What advice do you have for those who experience a similar divide? 

Keep it to yourself. Have the good taste and the sense not to parade your beliefs before the people you love and care for. In my family we have a tacit agreement. I don’t challenge their religious views and they don’t challenge my secular ones. What’s sad is that so much wariness and inhibition put up a barrier to greater intimacy. Not being able to share each other’s most deeply held beliefs creates a palpable superficiality, a constant and sometimes painful reminder of what you’re missing.

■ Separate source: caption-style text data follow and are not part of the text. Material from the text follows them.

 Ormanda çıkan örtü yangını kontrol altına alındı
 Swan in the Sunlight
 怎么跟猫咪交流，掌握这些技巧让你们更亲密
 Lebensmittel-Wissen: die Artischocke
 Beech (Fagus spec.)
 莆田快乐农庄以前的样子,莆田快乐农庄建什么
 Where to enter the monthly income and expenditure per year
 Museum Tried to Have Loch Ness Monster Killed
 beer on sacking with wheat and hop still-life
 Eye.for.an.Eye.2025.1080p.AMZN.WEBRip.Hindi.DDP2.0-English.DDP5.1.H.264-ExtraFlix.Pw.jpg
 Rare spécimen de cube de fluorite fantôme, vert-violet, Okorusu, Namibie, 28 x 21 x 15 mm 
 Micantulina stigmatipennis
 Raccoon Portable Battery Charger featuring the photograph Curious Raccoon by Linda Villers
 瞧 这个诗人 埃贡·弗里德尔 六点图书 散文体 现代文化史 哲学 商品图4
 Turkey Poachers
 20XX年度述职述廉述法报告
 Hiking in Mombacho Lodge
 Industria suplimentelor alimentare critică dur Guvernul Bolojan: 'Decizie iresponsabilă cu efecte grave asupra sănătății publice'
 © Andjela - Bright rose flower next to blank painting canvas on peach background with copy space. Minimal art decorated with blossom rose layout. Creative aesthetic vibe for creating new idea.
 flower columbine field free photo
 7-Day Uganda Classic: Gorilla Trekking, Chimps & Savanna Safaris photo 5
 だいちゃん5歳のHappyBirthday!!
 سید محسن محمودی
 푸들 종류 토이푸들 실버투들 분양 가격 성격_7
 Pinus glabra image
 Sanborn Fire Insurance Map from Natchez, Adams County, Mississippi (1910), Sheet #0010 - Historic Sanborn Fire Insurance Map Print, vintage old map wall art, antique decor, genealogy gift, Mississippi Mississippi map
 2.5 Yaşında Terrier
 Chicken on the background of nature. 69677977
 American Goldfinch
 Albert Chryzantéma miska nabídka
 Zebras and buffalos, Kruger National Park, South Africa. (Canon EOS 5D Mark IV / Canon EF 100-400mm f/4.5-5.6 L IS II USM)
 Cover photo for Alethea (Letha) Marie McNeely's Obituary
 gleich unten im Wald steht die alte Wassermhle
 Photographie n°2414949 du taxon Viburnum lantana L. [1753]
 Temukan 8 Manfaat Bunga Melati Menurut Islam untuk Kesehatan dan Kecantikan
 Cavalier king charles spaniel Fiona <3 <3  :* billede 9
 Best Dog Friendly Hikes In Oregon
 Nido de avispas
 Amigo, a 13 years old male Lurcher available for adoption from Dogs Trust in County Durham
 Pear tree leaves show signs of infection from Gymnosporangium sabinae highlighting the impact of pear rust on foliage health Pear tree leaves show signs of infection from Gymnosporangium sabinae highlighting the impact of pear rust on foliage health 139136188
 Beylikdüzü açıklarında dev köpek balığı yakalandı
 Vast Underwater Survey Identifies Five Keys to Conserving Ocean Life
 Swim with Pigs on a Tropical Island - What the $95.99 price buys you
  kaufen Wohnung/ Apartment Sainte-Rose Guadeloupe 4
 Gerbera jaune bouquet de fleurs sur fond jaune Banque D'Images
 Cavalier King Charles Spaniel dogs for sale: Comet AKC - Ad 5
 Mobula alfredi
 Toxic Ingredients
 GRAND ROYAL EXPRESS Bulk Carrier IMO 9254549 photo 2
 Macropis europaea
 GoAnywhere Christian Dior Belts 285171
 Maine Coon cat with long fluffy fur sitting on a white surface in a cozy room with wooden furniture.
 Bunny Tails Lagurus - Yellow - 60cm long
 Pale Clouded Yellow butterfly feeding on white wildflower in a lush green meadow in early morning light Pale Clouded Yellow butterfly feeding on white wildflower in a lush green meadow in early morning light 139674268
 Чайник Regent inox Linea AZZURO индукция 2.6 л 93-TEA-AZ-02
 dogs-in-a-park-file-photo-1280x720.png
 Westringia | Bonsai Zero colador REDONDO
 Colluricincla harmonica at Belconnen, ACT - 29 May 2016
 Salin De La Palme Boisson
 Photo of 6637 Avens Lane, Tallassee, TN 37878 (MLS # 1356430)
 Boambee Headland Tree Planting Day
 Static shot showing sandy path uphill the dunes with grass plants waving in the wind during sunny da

I will never be as close to my family as I am to my like-minded friends, and my family will never be as close to me as they are to their like-minded friends. The best we can do is to keep our differences to ourselves and try to enjoy one another’s company.

Can you describe your writing process? 

Mostly trial and error, a paragraph here, a page there, over a long period. Incremental. Painstaking. I usually have more than one story going at a time, since I am constantly running into what feels like a dead end, then switching to another story that also felt like a dead end the last time I worked on it, but that I hope, thanks to the respite, will consent to advance another paragraph or two.

Which authors inspire you?

I was originally inspired by J.D. Salinger and Vladimir Nabokov. I did poor imitations of them for years. But they did their job; they got me to the typewriter. Like many prose writers of my generation I had a Raymond Carver period. Less typically, perhaps, I also had a Donald Barthelme phase. Since then I’ve been fairly free of influences, though Kakfa inspires me in a way I don’t understand, unless it’s how seriously he took his writing.

 What are you reading now?

I just read Donald Antrim’s collection of short stories, Emerald Light in the Air. It includes “Another Manhattan,” the best story I’ve read by a contemporary writer in years. As for nonfiction, I recently read The Short and Tragic of Life of Robert Peace, a heartbreaker, and I’m very much enjoying Charles R. Cross’s Room Full of Mirrors: a biography of Jimi Hendrix.

John Picard is a native of Washington, D.C., living in North Carolina. He has an MFA from the University of North Carolina at Greensboro. He has published fiction and nonfiction in Iowa Review, Alaska Quarterly Review, New England Review, Mid-American Review, Gettysburg Review, Hayden’s Ferry Review, and West Branch, among others. He is a recipient of a North Carolina Arts Council grant for fiction. A collection of his stories, Little Lives, was published by Mint Hill Books.